Harry nodded. “When President Roosevelt died, Mr. Dulles went to President Truman and told him of the deal he’d made. Truman gave him permission to continue with the deal until he’d had time to think it—as well as the the entire question of the OSS—over.”

“I don’t understand. . . .”

“The OSS was not popular with either the Army establishment or with the FBI—Mr. Hoover believed the FBI should have been in charge of both intelligence and counterintelligence—or the State Department or the Navy or, as I said before, especially the Treasury Department. There had been calls for our disbandment even before the war was over. On becoming President, Truman was subjected to enormous pressure to immediately put us out of business.”

“And I think he would have,” Mattingly spoke up again, “had his feelings not been hurt by his not having been told about the atomic bomb. If it hadn’t been for that, he would have gone along with the Army brass, Hoover, and Morgenthau.”

“Excuse me,” Cronley said. “If it hadn’t been for what?”
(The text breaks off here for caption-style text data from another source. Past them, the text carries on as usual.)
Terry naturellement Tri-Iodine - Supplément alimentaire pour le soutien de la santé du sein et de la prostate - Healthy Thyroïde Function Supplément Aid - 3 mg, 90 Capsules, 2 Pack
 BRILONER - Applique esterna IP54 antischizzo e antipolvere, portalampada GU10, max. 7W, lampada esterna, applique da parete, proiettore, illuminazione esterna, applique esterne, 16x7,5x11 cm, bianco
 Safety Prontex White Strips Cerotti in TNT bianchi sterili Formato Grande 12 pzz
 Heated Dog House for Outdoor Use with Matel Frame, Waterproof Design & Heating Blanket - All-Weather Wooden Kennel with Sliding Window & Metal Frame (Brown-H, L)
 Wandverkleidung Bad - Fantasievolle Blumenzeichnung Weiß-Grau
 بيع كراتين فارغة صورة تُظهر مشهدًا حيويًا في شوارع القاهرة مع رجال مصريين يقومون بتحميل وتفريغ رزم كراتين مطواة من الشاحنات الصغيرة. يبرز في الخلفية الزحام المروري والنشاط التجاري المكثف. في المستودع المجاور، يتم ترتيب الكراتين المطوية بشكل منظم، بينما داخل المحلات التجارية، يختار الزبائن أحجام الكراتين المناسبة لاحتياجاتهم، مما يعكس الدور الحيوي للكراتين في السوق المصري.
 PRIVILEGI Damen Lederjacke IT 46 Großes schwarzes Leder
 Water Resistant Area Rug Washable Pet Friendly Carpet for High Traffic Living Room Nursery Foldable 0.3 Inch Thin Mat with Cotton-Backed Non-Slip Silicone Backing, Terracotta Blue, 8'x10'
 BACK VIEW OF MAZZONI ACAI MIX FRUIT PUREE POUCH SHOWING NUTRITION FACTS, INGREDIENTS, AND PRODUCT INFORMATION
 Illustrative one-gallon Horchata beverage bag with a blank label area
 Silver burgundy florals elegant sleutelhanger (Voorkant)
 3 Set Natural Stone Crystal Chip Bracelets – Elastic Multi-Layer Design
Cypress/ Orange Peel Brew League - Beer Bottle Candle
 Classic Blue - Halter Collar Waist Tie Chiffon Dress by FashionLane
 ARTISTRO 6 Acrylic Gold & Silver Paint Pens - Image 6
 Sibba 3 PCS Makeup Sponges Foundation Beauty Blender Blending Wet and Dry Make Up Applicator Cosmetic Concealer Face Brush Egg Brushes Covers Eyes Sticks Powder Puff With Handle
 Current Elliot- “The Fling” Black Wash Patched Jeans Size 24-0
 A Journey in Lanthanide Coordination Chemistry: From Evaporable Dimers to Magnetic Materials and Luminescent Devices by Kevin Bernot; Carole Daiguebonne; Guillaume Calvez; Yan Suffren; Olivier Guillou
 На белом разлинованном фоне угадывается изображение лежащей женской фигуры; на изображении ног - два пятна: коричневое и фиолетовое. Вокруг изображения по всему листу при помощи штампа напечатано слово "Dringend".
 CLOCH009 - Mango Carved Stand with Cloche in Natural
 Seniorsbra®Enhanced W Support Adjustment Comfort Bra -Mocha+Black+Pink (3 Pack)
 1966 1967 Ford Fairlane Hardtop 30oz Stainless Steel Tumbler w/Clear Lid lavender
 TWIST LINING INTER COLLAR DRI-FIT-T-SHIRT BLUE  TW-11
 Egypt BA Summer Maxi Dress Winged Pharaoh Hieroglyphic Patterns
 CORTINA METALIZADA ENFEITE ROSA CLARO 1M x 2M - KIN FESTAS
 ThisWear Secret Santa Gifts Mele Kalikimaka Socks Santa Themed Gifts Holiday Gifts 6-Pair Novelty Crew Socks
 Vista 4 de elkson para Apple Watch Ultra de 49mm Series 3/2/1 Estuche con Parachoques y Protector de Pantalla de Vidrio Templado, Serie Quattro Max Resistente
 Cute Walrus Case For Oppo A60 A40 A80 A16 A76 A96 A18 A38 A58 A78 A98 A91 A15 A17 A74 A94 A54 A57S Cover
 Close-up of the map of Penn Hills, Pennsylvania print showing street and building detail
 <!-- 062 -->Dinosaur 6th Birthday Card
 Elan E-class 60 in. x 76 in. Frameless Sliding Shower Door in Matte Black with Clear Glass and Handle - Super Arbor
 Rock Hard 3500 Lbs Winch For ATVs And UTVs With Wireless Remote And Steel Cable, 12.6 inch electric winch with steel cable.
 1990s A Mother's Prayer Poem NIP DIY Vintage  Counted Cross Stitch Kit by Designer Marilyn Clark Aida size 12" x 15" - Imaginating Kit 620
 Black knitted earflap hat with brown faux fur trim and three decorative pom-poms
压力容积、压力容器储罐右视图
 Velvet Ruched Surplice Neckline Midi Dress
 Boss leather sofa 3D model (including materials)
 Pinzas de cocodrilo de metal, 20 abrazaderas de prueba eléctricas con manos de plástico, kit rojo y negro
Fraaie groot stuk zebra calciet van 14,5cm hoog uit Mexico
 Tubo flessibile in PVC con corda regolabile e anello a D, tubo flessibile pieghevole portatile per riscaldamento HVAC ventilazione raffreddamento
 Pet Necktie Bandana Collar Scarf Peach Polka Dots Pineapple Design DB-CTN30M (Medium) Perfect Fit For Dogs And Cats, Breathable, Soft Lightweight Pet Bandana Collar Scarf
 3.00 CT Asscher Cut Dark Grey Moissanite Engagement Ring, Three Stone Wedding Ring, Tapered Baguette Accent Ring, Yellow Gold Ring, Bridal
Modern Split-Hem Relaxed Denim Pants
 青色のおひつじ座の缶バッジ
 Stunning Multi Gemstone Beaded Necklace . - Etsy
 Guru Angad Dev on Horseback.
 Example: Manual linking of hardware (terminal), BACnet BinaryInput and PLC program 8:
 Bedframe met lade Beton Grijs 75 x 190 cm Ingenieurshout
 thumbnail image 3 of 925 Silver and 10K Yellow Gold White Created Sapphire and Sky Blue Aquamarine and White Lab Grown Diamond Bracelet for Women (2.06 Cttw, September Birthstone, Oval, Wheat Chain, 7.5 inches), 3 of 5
“The day after Truman became President,” Harry said, “Lieutenant General Leslie Groves, who headed the Manhattan Project, went into the Oval Office and said, in effect, ‘Mr. President, there’s something you have to know. We have a secret weapon of enormous power, an atomic bomb.’”

“He was Vice President and didn’t know about the atomic bomb?” Cronley asked, incredulously.

“He was Vice President and didn’t know about the atomic bomb,” Mattingly confirmed. “Roosevelt didn’t think he had the need to know. Which I believe was good for us, the OSS. Truman began to question the motives of those calling for our destruction. He did not shut us down immediately, and he gave Mr. Dulles permission to continue our arrangement with General Gehlen.”

“But you said he did order the end of the OSS,” Cronley said.

“He did. We’re officially shut down. But Mr. Dulles was able to convince the President that the arrangement with General Gehlen was too important not to continue. It could not be turned over to the Army or anyone else. If that had happened, it would have been exposed, and public outrage would have killed it once and for all.”

“Public outrage about what?”

“General Gehlen proposed the arrangement for two major reasons,” Mattingly said. “First, he genuinely believed the Soviets were evil and intended to take over all of Europe and then the world. And that the only thing that could stop them was us, the United States Army. And he knew how valuable his assets would be to us.

“Second, Gehlen knew there would be enormous pressure on Eisenhower to turn over to the Soviets anyone connected with Abwehr Ost. He knew that that meant his people and their families would be interrogated—tortured—and then either killed or shipped off to Siberia to be worked to death.

“So the price for his assets was the protection of his people. And we agreed to protect them.”